Walsh says Grove liked rolling up his sleeves and diving into some pretty big jobs, like replacing the ’53’s head gasket. But Grove also just liked hanging out in his garage with friends. “A lot of the time we would just talk cars,” says Walsh.
Grove was a night owl. He ate dinner late, often closing down one of his favorite North Beach restaurants, like Vanessi’s. But then it was back to his home studio, where he would routinely work until dawn. “When he was working, he was working,” says Alexander of Grove’s intense focus. He sketched and painted alone, the late-night hours preventing him from being interrupted. Before picking up pen or paintbrush, however, Grove used his camera. He went to elaborate lengths to stage his proposed illustrations, using his friends as models and creating meticulously crafted props, then photographing them.
Of Grove’s technique, the San Francisco Chronicle wrote, “His absolute and unwavering attention to detail, authenticity and accuracy—combined with his unique fluid painting style—led to a client list that expanded to include not only every major publisher, but also advertising clients….”
In 2007, Grove was admitted into the Society of Illustrators Hall of Fame and recognized for a career overflowing with achievement. He created movie posters for Francis Ford Coppola’s “The Outsider” and an adaptation of Ray Bradbury’s Something Wicked This Way Comes; and paperback book covers for John LeCarre’s Little Drummer Girl and Call for the Dead, as well as reprint paperback covers of Philip Roth’s Portnoy’s Complaint and Jack Kerouac’s The Subterraneans. From 1975 to 1990, Grove produced catalog artwork for Pendleton Woolen Mills. Other commercial clients including the National Football League, the Indianapolis Motor Speedway (Grove created the program cover and poster for the ’83 and ’95 Indy 500s), Mercedes-Benz and Campbell-Ewald, for whom he created the cover of the 1988 Corvette brochure.
Eventually, Grove’s cigarette habit caught up to him in the form of emphysema. As his condition deteriorated and he lost strength, driving the ’64, with its unassisted steering and brakes, as well as its heavy clutch, became too much of a chore. Instead of buying a Honda Accord, Grove bought a ’69 Corvette. In addition to being easier to drive, thanks to its automatic transmission and power steering and brakes, the C3 was stylish enough to pass muster with Grove.
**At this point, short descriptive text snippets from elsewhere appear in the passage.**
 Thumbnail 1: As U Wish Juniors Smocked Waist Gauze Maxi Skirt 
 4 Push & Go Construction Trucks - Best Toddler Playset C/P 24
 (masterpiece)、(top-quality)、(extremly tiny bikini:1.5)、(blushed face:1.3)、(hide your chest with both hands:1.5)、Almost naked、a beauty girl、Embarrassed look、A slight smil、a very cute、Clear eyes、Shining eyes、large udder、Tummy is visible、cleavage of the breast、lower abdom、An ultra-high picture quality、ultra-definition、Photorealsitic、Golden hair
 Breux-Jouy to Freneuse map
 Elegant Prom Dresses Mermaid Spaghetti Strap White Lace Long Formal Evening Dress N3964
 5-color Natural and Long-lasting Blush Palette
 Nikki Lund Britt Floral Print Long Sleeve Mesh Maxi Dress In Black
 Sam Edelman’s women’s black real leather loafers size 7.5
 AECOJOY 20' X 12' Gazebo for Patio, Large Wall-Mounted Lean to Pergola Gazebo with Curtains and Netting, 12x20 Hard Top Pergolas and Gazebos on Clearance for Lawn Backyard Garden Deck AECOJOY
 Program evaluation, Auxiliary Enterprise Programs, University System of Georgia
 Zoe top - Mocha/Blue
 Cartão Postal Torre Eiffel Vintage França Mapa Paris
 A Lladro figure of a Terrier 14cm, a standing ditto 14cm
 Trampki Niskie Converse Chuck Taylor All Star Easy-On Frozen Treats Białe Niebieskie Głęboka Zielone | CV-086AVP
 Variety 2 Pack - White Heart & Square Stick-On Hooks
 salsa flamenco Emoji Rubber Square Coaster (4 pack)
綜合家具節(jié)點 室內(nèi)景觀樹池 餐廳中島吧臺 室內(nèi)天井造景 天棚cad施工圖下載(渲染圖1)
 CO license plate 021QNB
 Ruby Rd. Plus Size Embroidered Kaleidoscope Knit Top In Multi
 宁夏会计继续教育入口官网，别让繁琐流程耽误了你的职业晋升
As Alexander says, “David could not be seen in an uncool car.” The ’69 served as Grove’s go-to machine during the last few years of his life, including trips across the Golden Gate bridge to visit friends in the North Bay.
Grove strove to keep the ’53 as original as possible, choosing to repair instead of replace whenever possible. He kept the car clean but had no interest in detailing it into a concours sheen. The paint is apparently original. As for the Corvette’s damaged left rear fender, Grove was to blame; he accidently drove the ’69 into the ’53 in the tight confines of his garage a few months before he died. According to Alexander, this unfortunate incident pained Grove greatly.
He might not have been your average Corvette owner, but Grove’s reasons for owning them were far from unusual. “He enjoyed life, and the Corvettes were part of that,” says Alexander. In the end, though, “It was all about the design; he just loved the lines of the cars.” The ’53 was clearly the jewel of Grove’s Corvette collection, but he did not treat it like an art object—something to which its 83,000-mile odometer readout attests. Though he had kept it in storage for many long years, he had apparently never come close to selling it. The roadster had no doubt become an old companion that connected him to his youth—to the kid drawing cars in class, to the college student impressing his dates, to an American in Paris returning home.